First is Chris Cornell of Soundgarden, Temple of the Dog and Audioslave who I've crushed on for, oh, about half of my life now. He's frequently called a Rock God, though I'm not certain that toga fits quite yet. Carlos Santana has a different opinion, though, because he asked Cornell to cover "Whole Lotta Love" with him on the album Guitar Heaven and you don't trust Robert Plant to just anyone, right? Cornell's kicking off his new tour in Wellington, NZ on Sunday October 2 (any readers going who might want to do a review, shoot me an email) and will be back in the US in November. He'll probably be doing "Original Fire" at some point.
So Santana trusts Cornell to do justice to Robert Plant, but who does Robert Plant trust? Allison Krauss, of course. Unfortunately nothing on their album really got me though I love her with lots of other people including Brad Paisley and Emmylou Harris. She brought the house down performing "Jolene" at the Kennedy Center in 2006 honoring Dolly Parton.
Speaking of the Kennedy Center, the youngest ever honoree was forty-nine when he received his rainbow sash thingy: Stevie Wonder. Think you're accomplished? He had his first number one hit when he was twelve. "Fingertips (1&2)" was so big that it has its own wikipedia entry. I've been dying trying to figure out which song of his I love the most and it's really hard. Wonder's music is always magic, even when it's being butchered by some drunk guy at a party. So, "Superstition," arguably the first major funk hit later covered by my beloved Steve Ray Vaughan? "Sir Duke," which is awesome sauce from the first horn blow? Okay, both.

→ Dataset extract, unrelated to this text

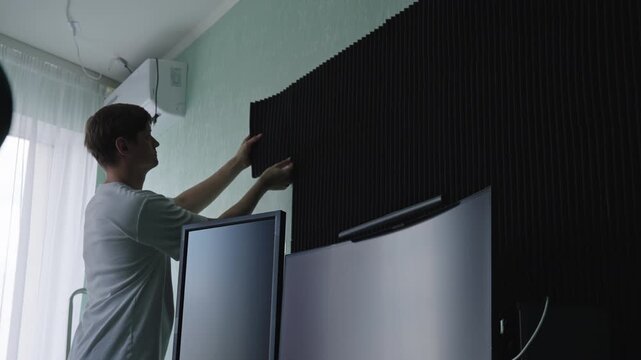 Low angle view of young man mounts black soundproof foam panels on wall of room, improving acoustics for home office or recording studio. DIY home improvement and sound absorption setup, slow motion.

At some point Stevie Wonder asked Stevie Ray Vaughan, Jody Watley and Brown Mark from Prince's Revolution to jam with him and this is what happened.
You realize that I've watched that six times before moving on to this paragraph. Anyway, then there's "Sir Duke," a song about the music that Stevie loves. How can it be anything but amazing?
The voice that Stevie loves is one that I love, too, and can feel all over. Ella Fitzgerald needs no introduction or explanation, especially when she's "Stompin' at the Savoy." Thanks for a groovy week, gang!